[GIVEN RECORDS — start]

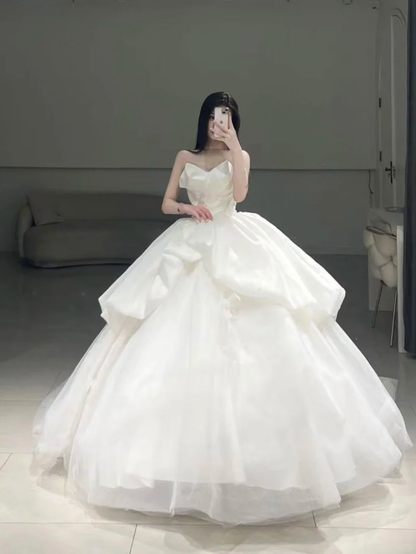Timeless Ball Gown Sweetheart White Pleated Long Tulle Wedding Dress Beautiful Formal Cute Wedding Dresses A100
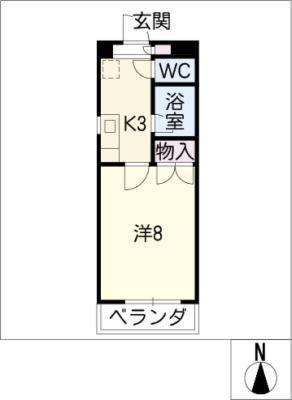 フランボワーズツシマ(1K/3階)の間取り写真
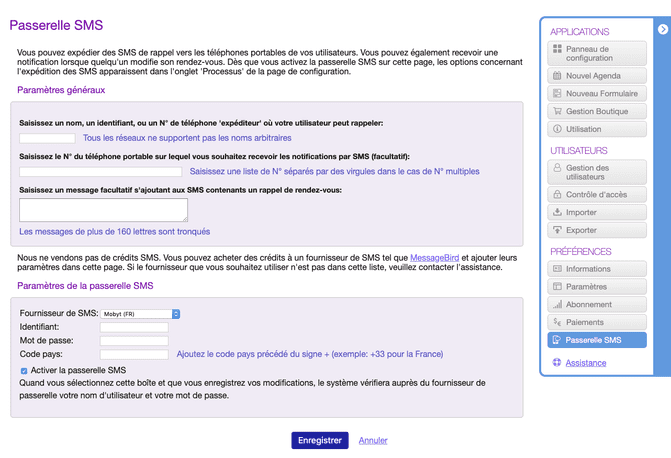 fournisseurs de SMS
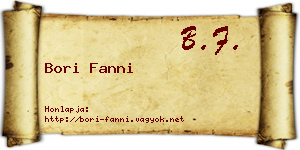 Bori Fanni névjegykártya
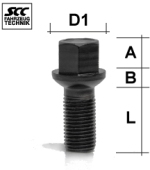 Radschraube M14x1.5 Kugel R13 SW-17 L-38 schwarz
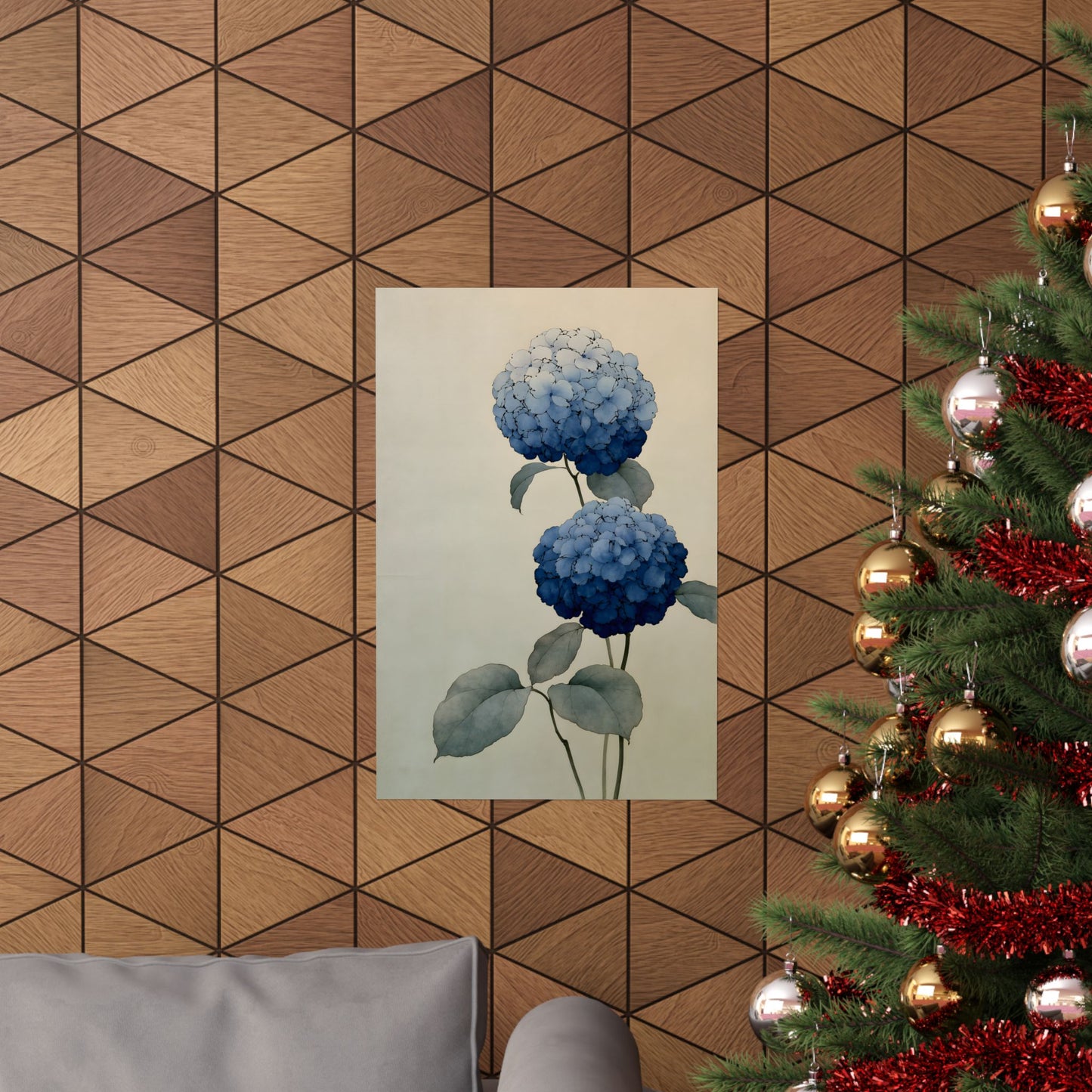 Two Hydrangeas, ink-drawn florals in blue gradients | Japanese botanical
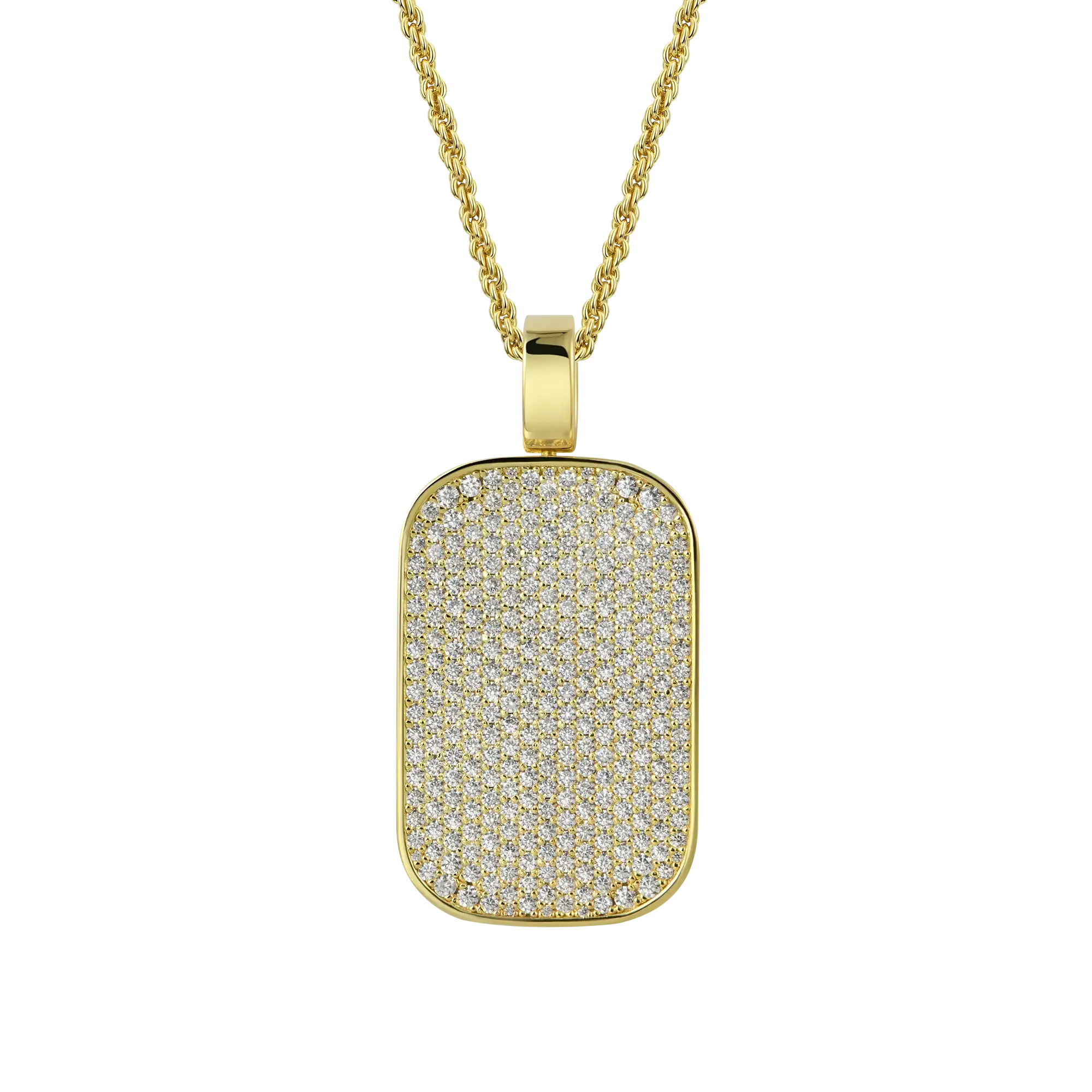 Custom 14K Gold & White Gold Iced Moissanite Dog Tag Pendant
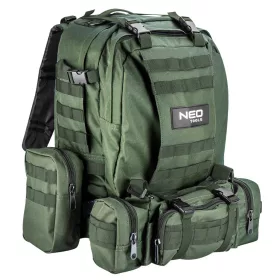   NEO TOOLS Túra hátizsák, 600D poliész, 40L, 4a 1ben: hátizsák, 2 kis oldaltáska, 1 közepes táska, sötétzöld 84-326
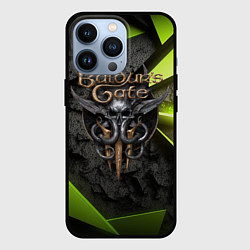 Чехол для iPhone 13 Pro Baldurs Gate 3 logo green abstract, цвет: 3D-черный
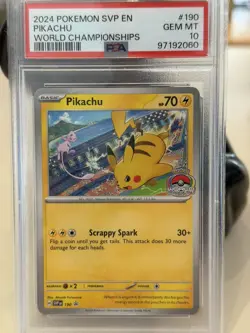 2024 Pokemon SVP EN-SV Black Star Promo Pikachu #190 World Championships PSA 10 - Image 1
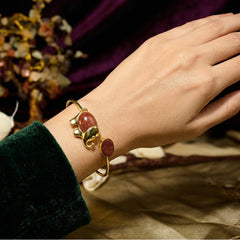 Gold Plated Sunstone Handcuff Bracelet with Natural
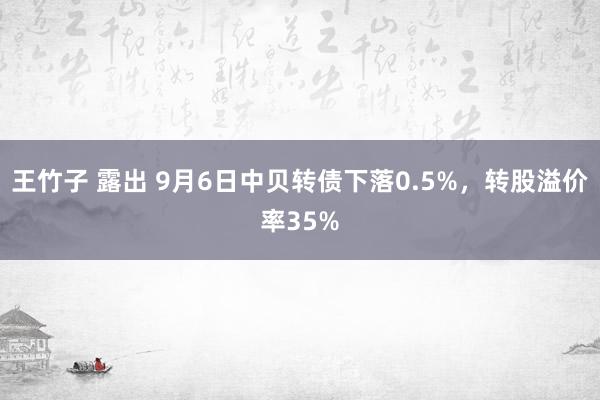 王竹子 露出 9月6日中贝转债下落0.5%，转股溢价率35%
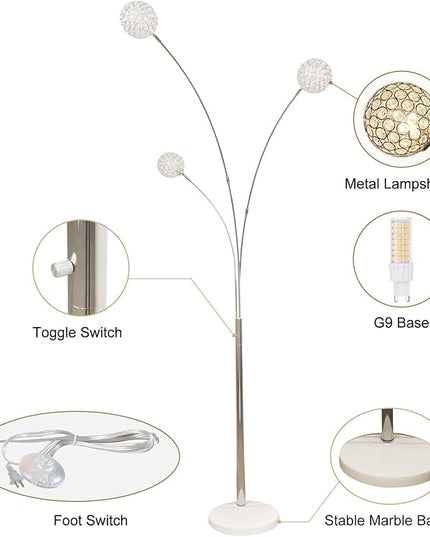 DLLT Floor Lamps for Living Room, 3-Light Chrome Arc Standing Lamp, 86.6" Modern Tall Tree Floor Lamp with Adjustable Arms, Multi-Head LED Floor Lamps for Bedroom, Study, Office, G9 Bulbs Included - LeafyLoom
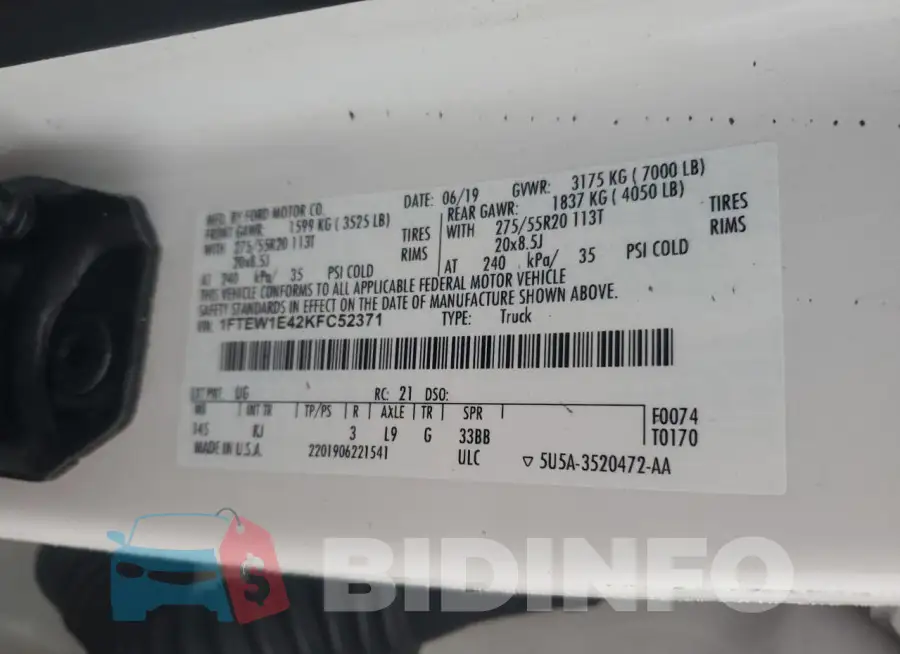 1FTEW1E42KFC52371 Photo# 12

[GIVEN RECORDS — finish]

REQUIRED ACTION: All lines from the one containing "王竹子 露出 9月6日中贝转债下落0.5%，转股溢价率35%" through the end of the data are to be restated exactly, with nothing else and without the pictures.

EXERCISE RESULT:
 王竹子 露出 9月6日中贝转债下落0.5%，转股溢价率35%
 DLLT Floor Lamps for Living Room, 3-Light Chrome Arc Standing Lamp, 86.6" Modern Tall Tree Floor Lamp with Adjustable Arms, Multi-Head LED Floor Lamps for Bedroom, Study, Office, G9 Bulbs Included - LeafyLoom
 1FTEW1E42KFC52371 Photo# 12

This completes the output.